The network is “built to help prepare and educate investors and entrepreneurs for the implementation of Title II and Title III crowdfunding,” the group said in a statement, referring to two sections of the JOBS Act that provide for funding mechanisms for startup businesses.
“The CfPA was founded under the principles of education, advocacy, and awareness at the global industry level for crowdfunding,” said Kim Wales, chair of the CfPA and founder of Wales Capital. “Our real mission is to make sure the entrepreneurs have a place that they can tap into mentorship, build relationships, and build partnerships.”
To launch the website after being formed just last year, CfPA relied on the expertise of its founders, many of whom played a role in creating the framework for the JOBS Act, Wales said. “We’ve taken their approach to create standards, best practices, and guidelines. That’s really what is going to make up the foundation in terms of being able to scale something long term,” she said.
CfPA is getting help from outside sources as well.

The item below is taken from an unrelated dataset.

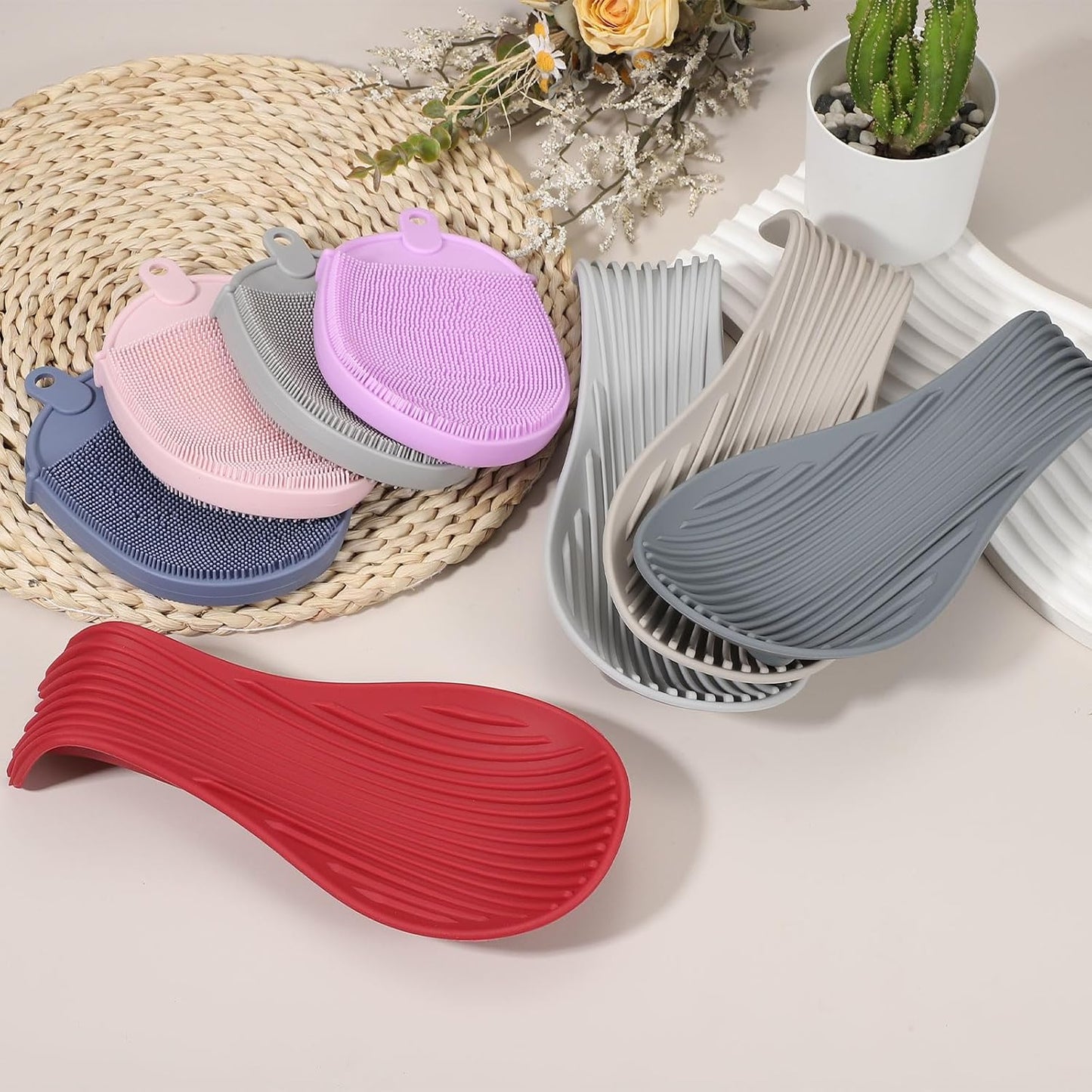 uxcell 1 Set Silicone Spoon Rest for Stove Top, Silicone Spoon Holder for Cooking Spatula, Ladle, Brush Light Grey/Dark Blue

“We’re involving the third-party providers, the vendors, the professional service providers, people that are going to be really instrumental in making this process run smoothly, diligently, and transparently,” said Scott McIntyre, cochair of the founding executive committee for education and training, and managing director of Phabriq. “We have to make sure that we’re covering angles that everybody gets.”
Ensuring that the education network was properly designed and marketed meant putting key players throughout the organization in roles that worked to their strengths.
“It has to be organic,” said Wales. “You can’t really force the pieces. The organization is not created on a single person, and it is not created under the view of an individual company. It is a collective view, and that’s for the industry.”
Using the staff’s existing networks and properly promoting the program have been important tactics as well, something McIntyre said other groups can learn from.
“Find the workforce, the people that are going to spread the word voraciously,” he said. “You can have the best idea, the best pitch, or the best website, but if you don’t have a network of people that are following you, that are connected to you, then you are a tree in the forest and no one’s going to hear you fall. Networking is absolutely paramount to any business and is a very valuable asset, one that we cannot undersell.”